In my peripheral, a vibrant purple petal caught my eye; I turned to David and smiled.

“For you,” he said, tucking my hair back with the flower.

“You know, I still have the one you gave me here last time.”

“I know,” he said, sliding his hand down my arm to take my hand. “Ara?”

“Mm?” I tore my eyes away from the canopy—the way the gaps in the leaves, if I looked only at the grey behind them, looked like blurry, floating lanterns.

“I need to tell you something.” As our eyes met, a flash of sadness turned his pale green. “Something which, I’m afraid to say, is not good news.”

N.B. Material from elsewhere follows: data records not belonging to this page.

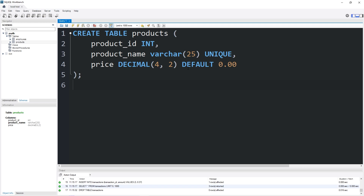All right everybody, that is the default constraint. When you create a table or alter a table, you can set a default value of some value you specify. Then whenever you insert a row, that value will be included automatically, which is pretty useful. That is the default constraint in MySQL.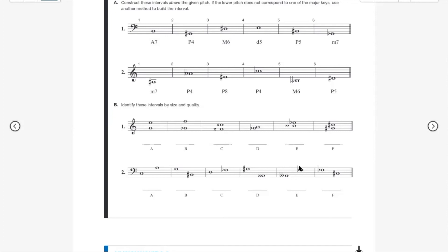Another sixth: A double flat to F flat. If we take away one flat from each, A flat to F is a major sixth — the sixth note of A flat major. So A double flat to F flat is still a major sixth because the distance is preserved. The last one is a fourth of some kind: C sharp to F flat. C natural to F natural is a perfect fourth; C sharp to F sharp is a perfect fourth; C sharp to F natural is a diminished fourth; but C sharp to F flat is even smaller — a doubly diminished fourth.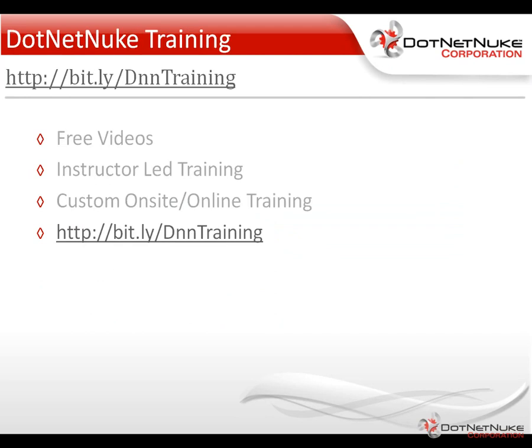I would encourage you to check out some of our other videos. You can find more information about our training under the resources tab going to the training page. There we have a variety of free videos as well as information about our instructor-led training and our custom onsite and online training offerings. Again, this was Chris Hammond with DotNetNuke Corporation. Thanks for watching the video.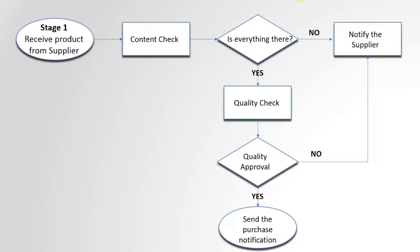Flowcharts help you explain a process clearly through symbols and text. More than that, they give us the gist of a process flow in just a glance.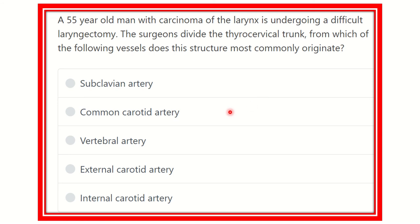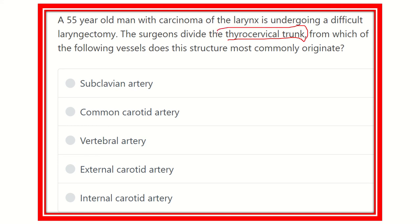Hello everyone, welcome to another question and answer session. A 55-year-old man with carcinoma of the larynx is undergoing a difficult laryngectomy. The surgeon divides the thyrocervical trunk. From which of the following vessels does it most commonly originate? The options are: subclavian artery, common carotid artery, vertebral artery, external carotid artery, and internal carotid artery.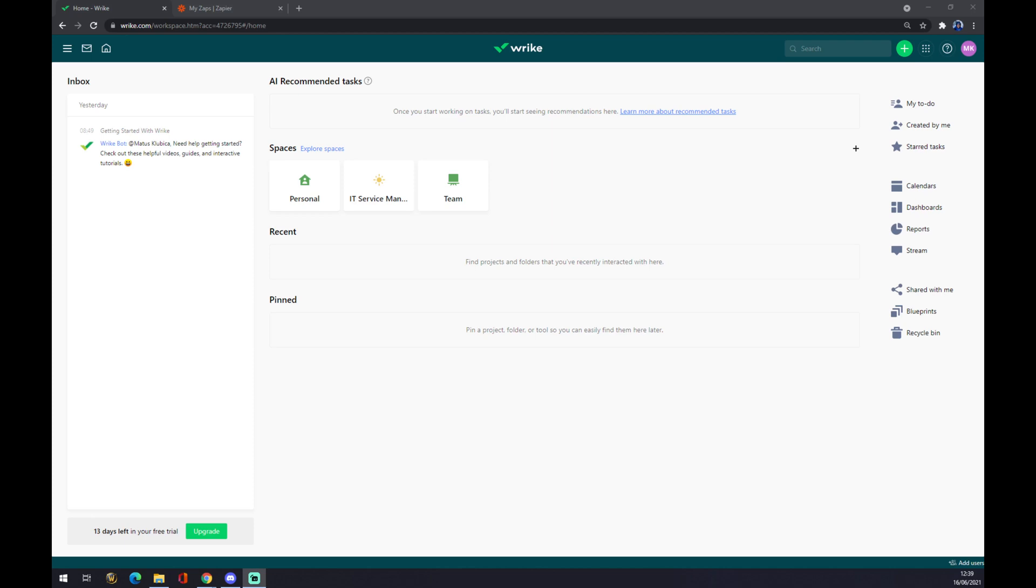Hello guys, my name is Matthew and in today's video I'm going to show you how you can integrate Wrike with Microsoft Teams. First of all, we have to create an account on Wrike.com and we can redirect to the home page or our dashboard.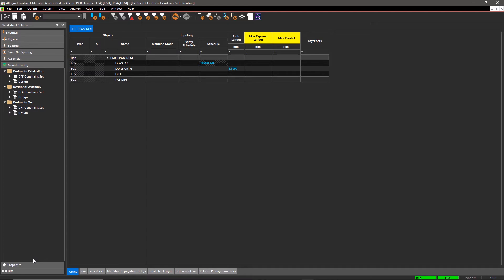In Constraint Set, you can create design rules in different worksheets and in Design, you apply those rules in corresponding spreadsheets.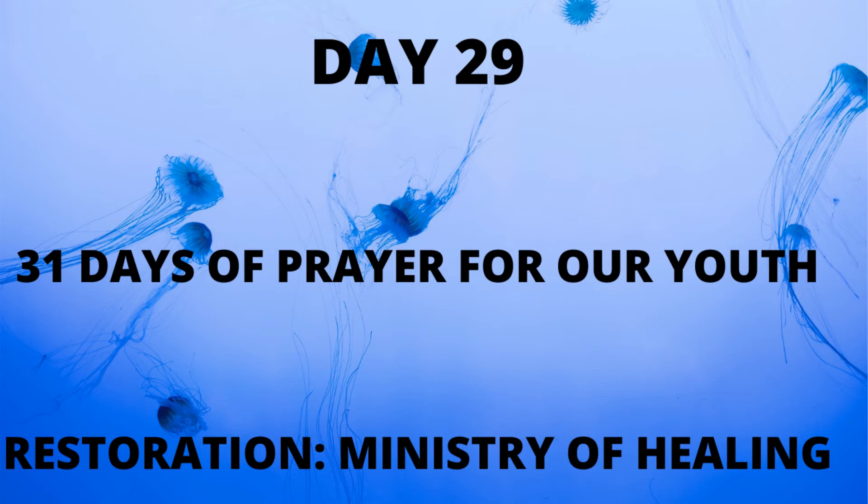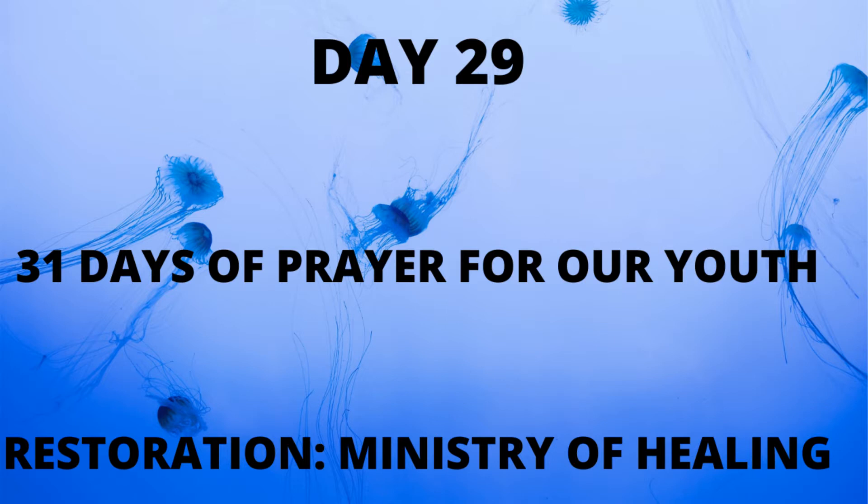Good evening, we're on day 29 of 31 days of prayer. Our spirit today is restoration. Our scripture comes from Isaiah 61:1-2 and our lesson is a ministry of healing.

“Okay.” My small voice trembled.

“I told you I’d warn you when it was time for me to leave?”

My stomach sunk; I bit my bottom lip.

“Well…the—” his voice steadied with a chest-lifting breath, his gaze fixing on my lips, rising up to my eyes. “The time has come.”

“No.”

“I’ve been called to return to duty.”

“What? When?”

“Two weeks.”

“Two weeks? But, that’s not enough time. How can I—how can you expect me to...” I fought several arguments with him in my head, not winning any of them. “No, you can’t do this. You have to tell them no.”

“That’s not the worst part, Ara.” He took another deep breath. “In that two weeks, I am expected to operate the Set from the New York offices. I will only be able to see you at night.”

“Night? Two weeks? And that’s it? For forever?”

“Unless you change your mind and become a vampire,” he said in a low, dry tone.